Segment Open

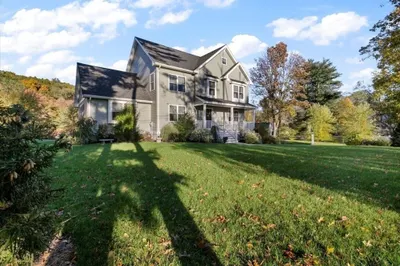 629 Kenoza St 1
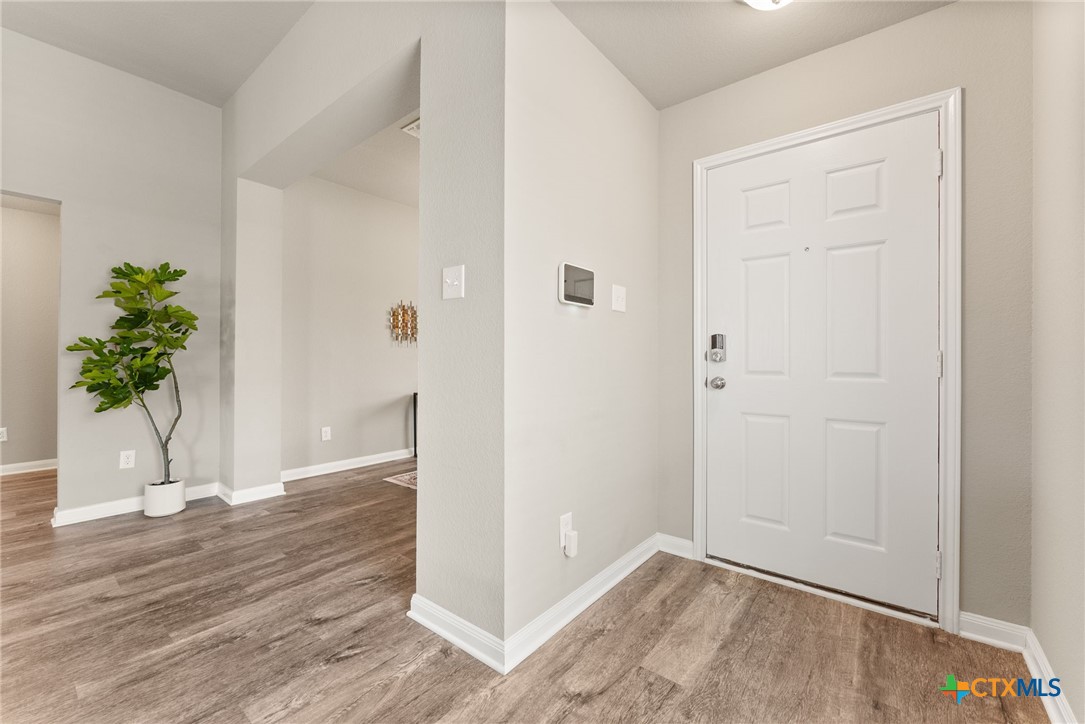1910 Lummus Drive Property Photo 6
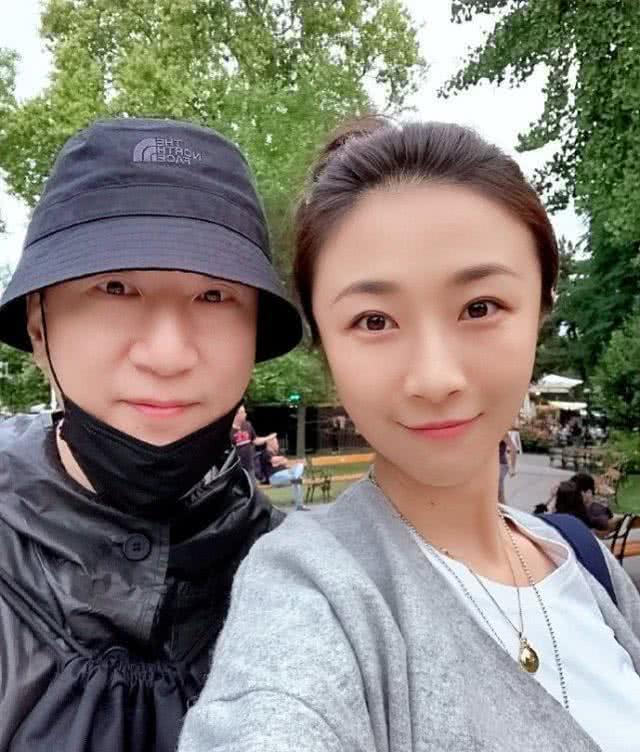 孙红雷娇妻罕见晒女儿照片,扎双马尾背影呆萌,2岁已长这么高了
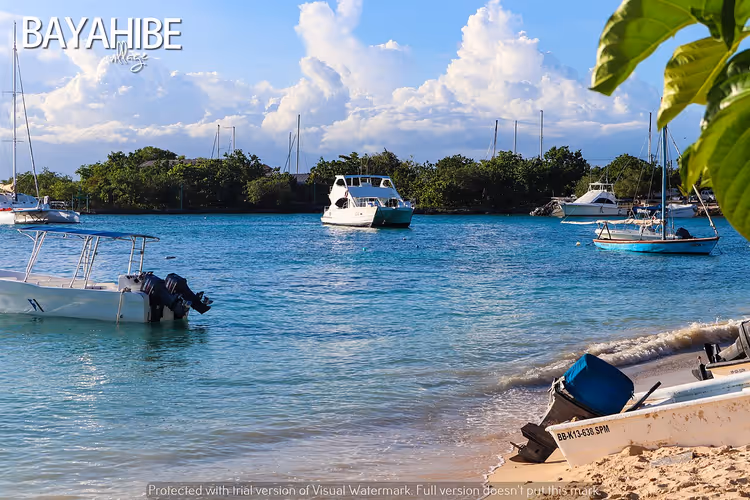 Båter i Bayahibe-bukten nær land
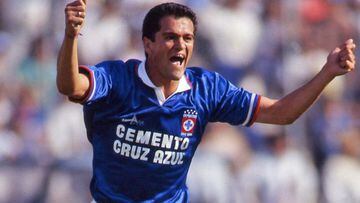 El exdelantero de Cruz Azul fue tricampeón de goleo en torneos largos. En la temporada 1995-1996 marcó 26 goles, un año antes anotó 35 dianas y la campaña 1993-1994 se hizo presente en el marcador en 27 ocasiones.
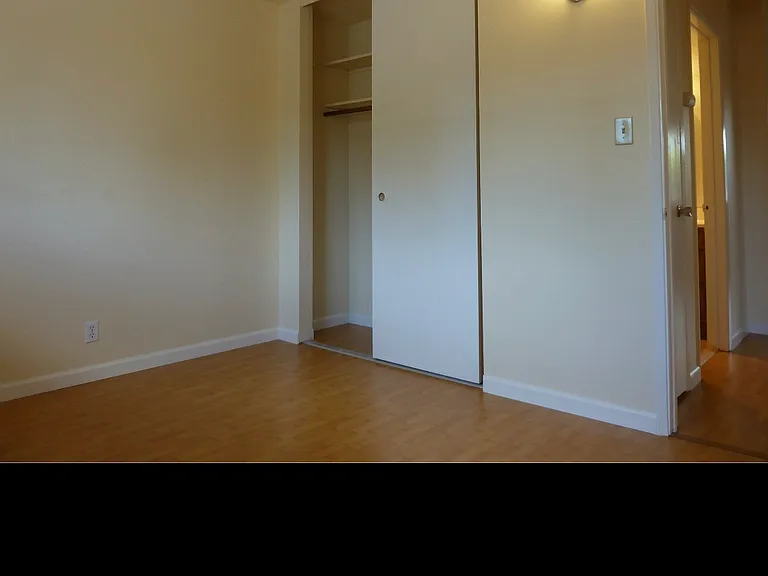 945 Kearney St #E — Photo 9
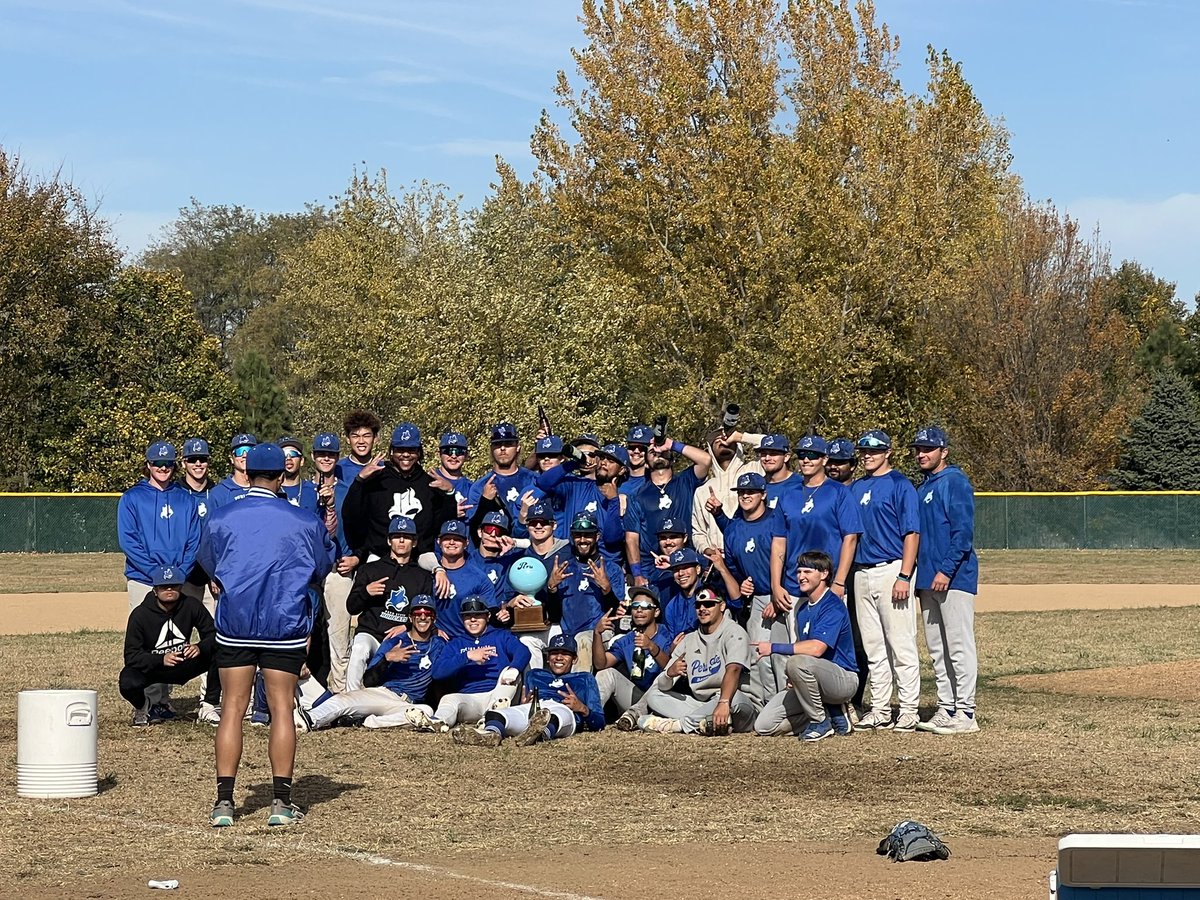 So proud of <a href="/LoganMichel_5/">Logan Michel ¹⁷</a> for the work he’s putting in! 💙🐾⚾️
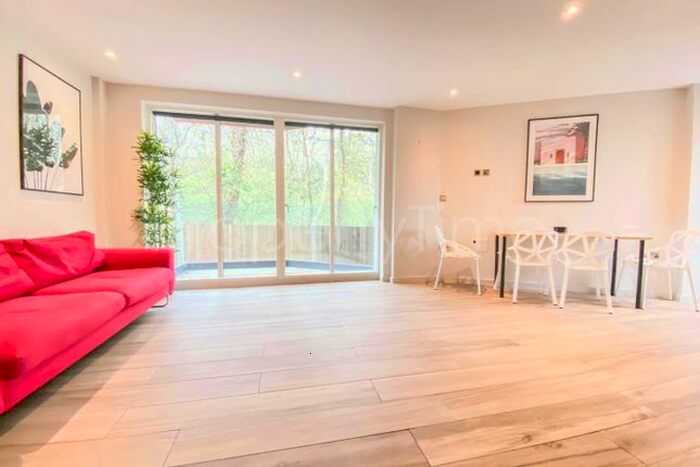 2 Bedroom Flat To Rent In Blythwood Road, Islington, N4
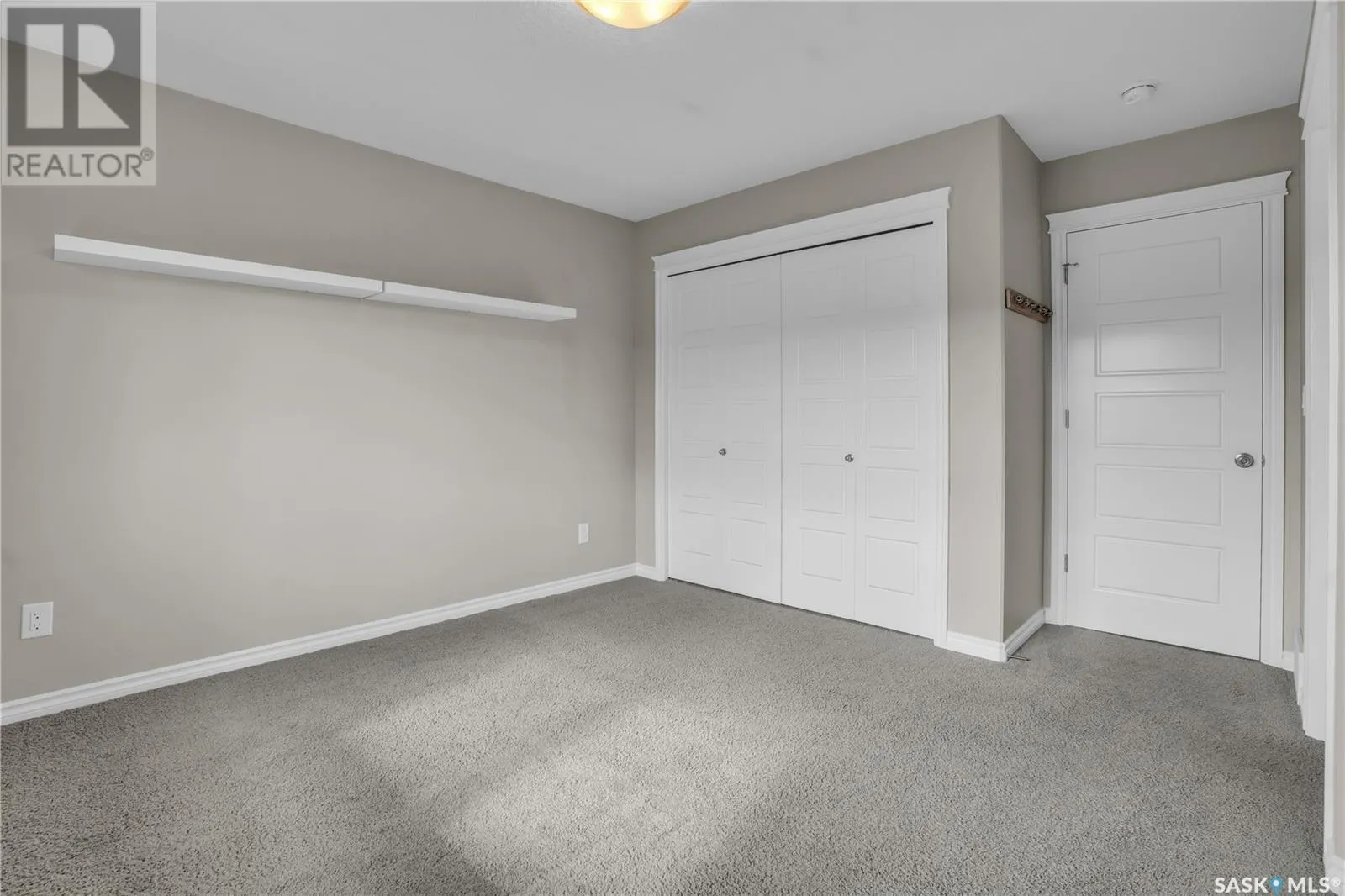 39 115 Veltkamp CRESCENT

Segment Closed

DIRECTIONS: Only the lines from the first line of the entries through the line containing "Båter i Bayahibe-bukten nær land" should be output, exactly as they are, without pictures.

ANSWER FOR THE TASK:
 629 Kenoza St 1
1910 Lummus Drive Property Photo 6
 孙红雷娇妻罕见晒女儿照片,扎双马尾背影呆萌,2岁已长这么高了
 Båter i Bayahibe-bukten nær land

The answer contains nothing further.